Александр Тимофеевский

К Тимофеевскому меня подвели в разгар августовского кризиса 98-го года — та шаткая пора, которая была впоследствии запечатлена в его тексте «Евгений». К нему именно что водили — то была своего рода инициация, поскольку Тимофеевский слыл устроителем судеб, покровителем и кормчим московско-питерского пресс-бомонда. Мне шел двадцать четвертый год, полтора из которых я пробовал публиковать музыкальные рецензии (дважды мне это удалось проделать даже во вверенном Тимофеевскому «Русском телеграфе») — этого оказалось вполне достаточно для того, чтобы старшие товарищи не сговариваясь решили: теперь тебе непременно нужно к А.Т.

На некоей вечеринке, где большинство собравшихся сдержанно оплакивали свои зарплаты, меня подвели к сановитому мужчине лет сорока — я запомнил буколически крепкое рукопожатие человека, сильного поневоле. Он был испытующе приветлив, а лицо его имело необычное выражение — как будто самое искреннее и полнокровное приятие жизни уживалось в нем с самыми же неосуществимыми и нездешними мечтаниями. Бывает взгляд с поволокой, а у А.Т. этими свойствами обладал голос. Он с ходу задал мне показавшийся удивительным вопрос: «А у вас никогда не было романа со свободой?» Я, ей-богу, не сразу понял, что речь шла всего лишь о контрактных взаимоотношениях с известной радиостанцией, и надолго задумался: а в самом деле, был ли у меня когда-нибудь роман со свободой? Разговор не задался, однако начало было положено.

©  Пётр Антонов

Александр Тимофеевский

Александр Тимофеевский

Я обрадовался знакомству. С Тимофеевским я как бы вернулся к контексту, в котором когда-то если не существовал, то неплохо ориентировался. Признаться, в девяностые годы я совершенно не интересовался периодикой — вплоть до момента, пока не начал заниматься ею сам. До 1997 года я, кажется, ни разу не держал в руках газету «Коммерсантъ», поэтому о свершениях А.Т. в эту декаду мне было мало что известно. Меж тем в старших классах я, напротив, был большим охотником до газет и журналов — благо последние годы советской власти были отмечены расцветом соответствующей продукции. Я как-то прикипел душой к кинокритике вообще и к текстам Тимофеевского в частности; особенно меня тронула его статья про «Ассу» из «Искусства кино» — она называлась «В самом нежном саване». Найдя сейчас этот номер — август 1988-го, — я с удивлением обнаружил свои школьные карандашные пометки. В частности, была подчеркнута фраза: «Ведя мелодраматическую линию, Соловьев последовательно обыгрывает и пародирует каноны бульварного романа, как эстетические, так и этические». Не могу теперь вспомнить, что именно в данном замечании мне так приглянулось, однако же в последовавшей ровно спустя десять лет встрече с автором я усмотрел некий знак.
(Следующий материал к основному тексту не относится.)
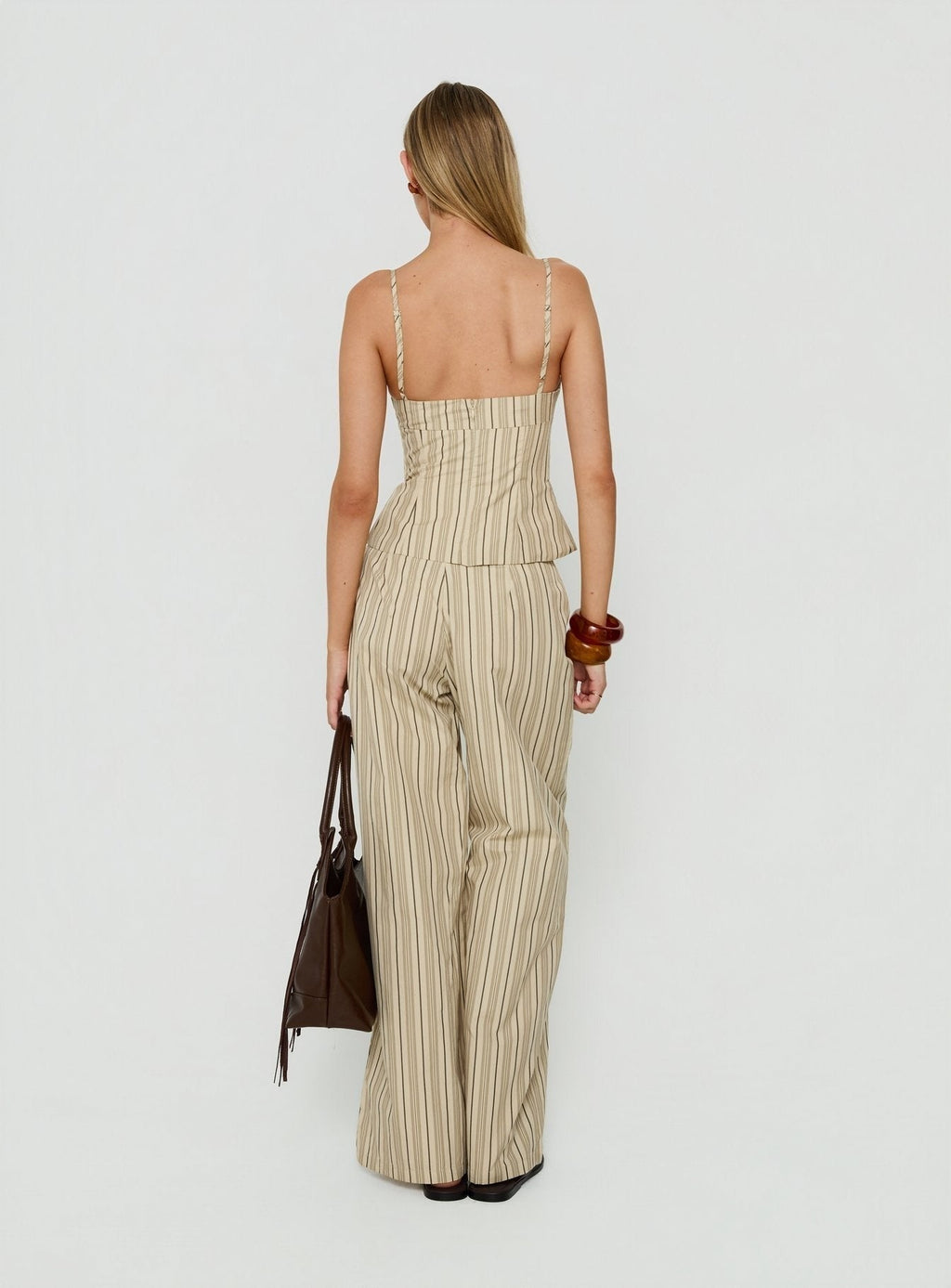 Kierstyn Corset Set Beige Stripe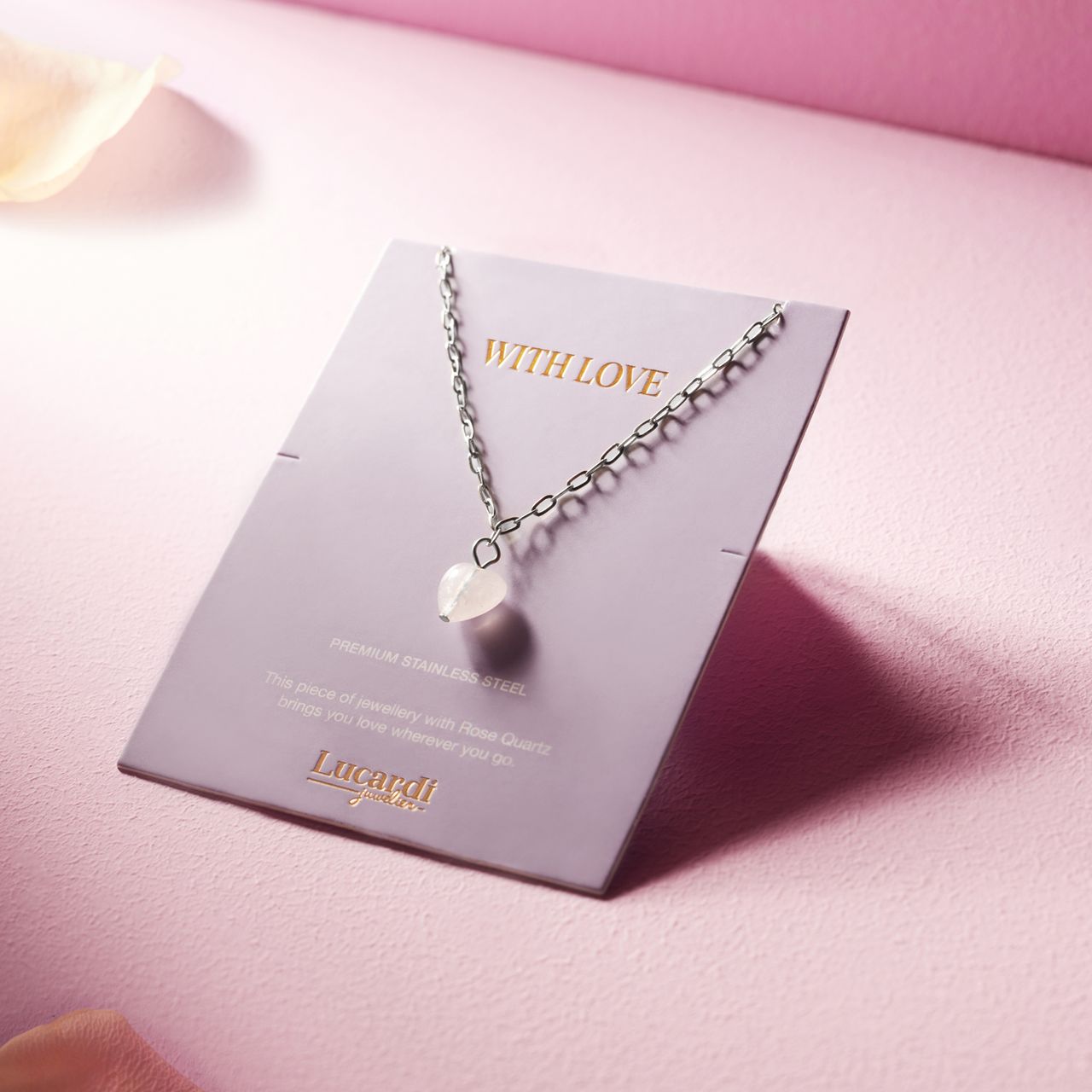 Stainless steel ketting rozenkwarts op kaartje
И я стал искать дальнейшего общения с А.Т. Собственно, я был не одинок в своем стремлении — вся наша тогдашняя постуниверситетская компания (А. Зимин, Л. Данилкин, А. Карагодин, А. Казаков) решительно сделала ставку на журналистские заработки и нуждалась в соответствующей опеке, которую Тимофеевский, надо отдать ему должное, щедро предоставлял. Визиты к нему — это был такой социальный лифт в башню из слоновой кости. Чудесные, беспечные и какие-то безальтернативные в плане увеселений времена. К нашим симпозионам хорошо подходила фраза из «Бесов»: «Вечером мы опять выпили». Пили, в самом деле, помногу, исключительно водку, которую Шура (со свойственным молодости проворством мы рано освоились с этим именем) опрокидывал совершенно на манер актера Романа Филиппова, однако я никогда не видел его пьяным, да и вообще не припоминаю в наших застольных беседах никаких точек бифуркации: все было исключительно цивилизованно и поэтично. Даже странно — вроде бы занимались самым непреложным дионисийством, а выходило все вполне аполлонически. Я, правда, пару раз засыпал за столом под гнетом выпитого, оставаясь таким образом ночевать без приглашения, и утром, через полуприкрытые от стыда веки, следил за тем, как Шурин друг детства художник Никола Самонов с улыбкой загулявшей Джоконды бродил по квартире с жестяным чайником. Квартира Тимофеевского, в которой нас привечали, казалась настоящим чудом. Собственно, я застал их две, Шура переезжал, но в памяти они сливаются (благо располагались на расстоянии пешей прогулки) в одну неразрывную Аркадию. Практичная идиома насчет оказаться в правильное время в правильном месте в данном случае избыточна — бывают на свете места, где время за окном не играет никакой роли, и этот дом был из таких. И мебель, и речи обо всем, и картины, и настоящее дерево в гостиной, и темные аллеи коридоров, и простая плотная еда, и ночь за окном, и сигаретный дым, и «наша русская Психея», и огромный, совершенно византийский пес, буквально сочащийся всеми мыслимыми для живого организма секрециями, — все было преисполнено того самого телеологического тепла, о котором мечтал поэт. В нашей тогдашней компании с легкой руки Гарика Осипова за Шурой закрепилось созвучное прозвище Шурпетов (так звали персонажа советского телесериала «Профессия следователь»). А мы соответственно стали называть себя шурпетовцами, окончательно сгустив и без того насыщенную атмосферу веселого поклонения.

©  Пётр Антонов

Александр Тимофеевский

Александр Тимофеевский

Теперь, почти пятнадцать лет спустя, я задаюсь вопросом: а зачем ему это было надо? В самом деле, что заставляло его проводить довольно много времени с не вполне отесанными new born journalists, вдобавок отягощенными синдромом поздней юности? И что сейчас заставляет его неустанно перетряхивать ЖЖ и Фейсбук в вечном поиске жемчужного зерна: не явился ли новый Гоголь. Мы сидим у него дома под тем самым деревом, и Шура объясняет: «Единственное, чего я хочу, это читать тексты людей, знающих русский язык. Это мое постоянное желание, и оно с каждым годом все меньше и меньше удовлетворяется. Открываешь статью, и в нее невозможно вникнуть, нет образов, читать не хочется».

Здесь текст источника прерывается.